O país tem vindo a ser sacudido por uma onda de protestos. Cresce um discurso anticolonial e contra o sistema político, mas que se combina com dirigentes acusados de crimes graves. Por Julieta Bugacoff e Federico Muiña.
Manifestantes no Senegal. Foto NUSO.
Manifestantes no Senegal. Foto NUSO.

Desde que conseguiu a sua independência, em 1960, o Senegal possui uma tradição democrática ininterrupta: 14 eleições, entre presidenciais e parlamentares, quatro presidentes, duas primeiras-ministras, nenhum golpe de Estado e quase todos os instrumentos internacionais de direitos humanos assinados e ratificados.
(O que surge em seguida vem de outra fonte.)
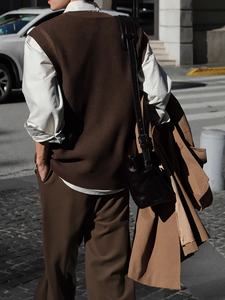 Lvlaea ठोस रंग पुरुषों वसंत शरद ऋतु के बाहरी स्वेटर बनियान आस्तीन रहित v-गर्दन ट्रेंडी पुरानी मुद्रा शैली पुरुषों के लिए रिबाल्ड बनियान - Product Image 6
É a primeira vez que um discurso anti-Françafrique – a continuação dos vínculos diplomáticos, comerciais, culturais e linguísticos com França – e anticolonialista penetra tão profundamente na população. A detenção de Ousmane Sonko, o líder do partido da oposição, Patriotas do Senegal pelo Trabalho, a Ética e a Fraternidade (PASTEF) gerou uma onda massiva de protestos durante uma semana e tornou evidente a fragilidade do governo e a perda de populariade do presidente Macky Sall. O saldo dos protestos foi sete mortos e 240 feridos. Depois de ter sido libertado “sob controlo jurídico” devido à acusação de violar uma massagista, o deputado de 46 anos e único opositor com importância eleitoral, convocou a manutenção das mobilizações “de forma pacífica”.
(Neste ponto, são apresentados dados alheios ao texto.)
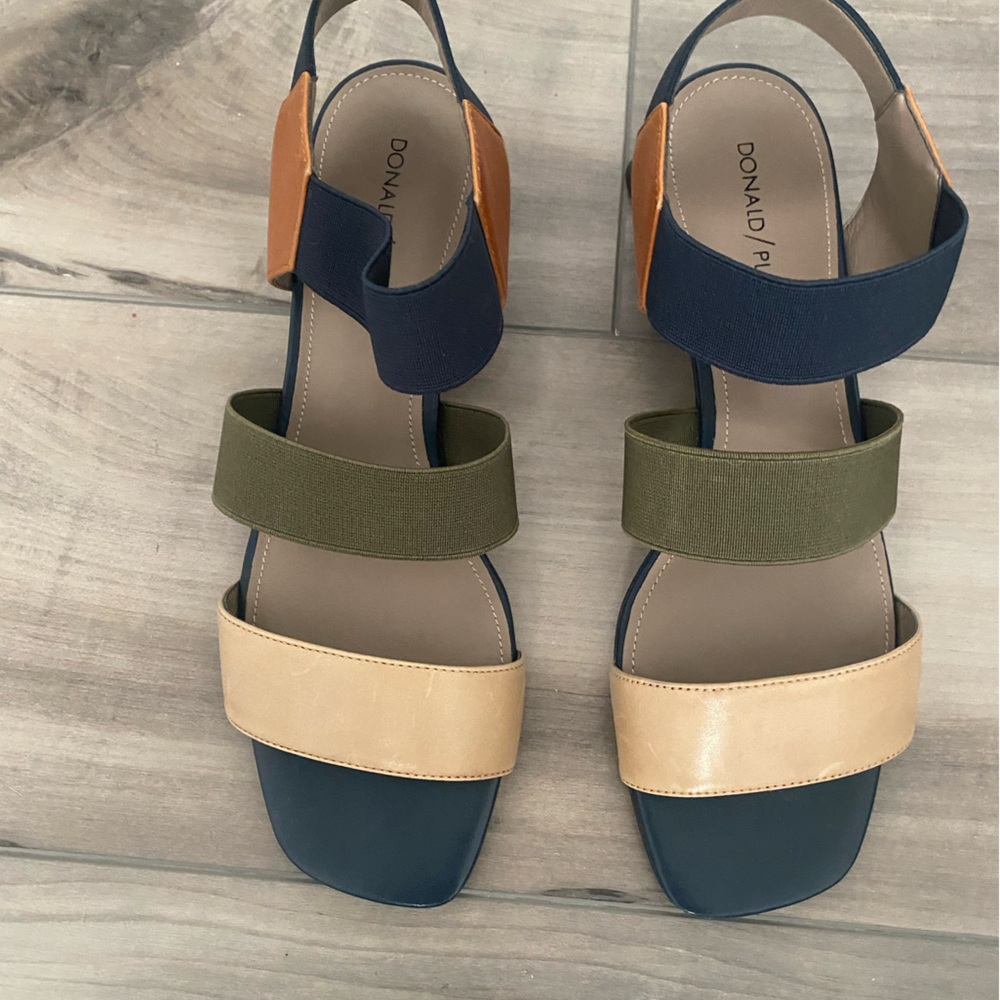 Donald Pliner sandals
Os vestígios da herança colonial no Senegal são claros e mantêm-se até hoje: o idioma oficial é o francês, a educação é feita nesta língua, a imprensa escrita e na sua maioria a falada também e a moeda nacional é o Franco de África Ocidental (CFA). Ainda que a língua nacional seja o wolof, a Constituição explicita que, para aceder à presidência, um dos requisitos é conseguir falar francês de forma fluente. Tendo em conta que a taxa de escolarização do nível secundário não supera os 28%, a imposição do francês como condição para aceder a cargos públicos implica que grande parte da população – a que pertence às classes populares – carece de uma representação equitativa.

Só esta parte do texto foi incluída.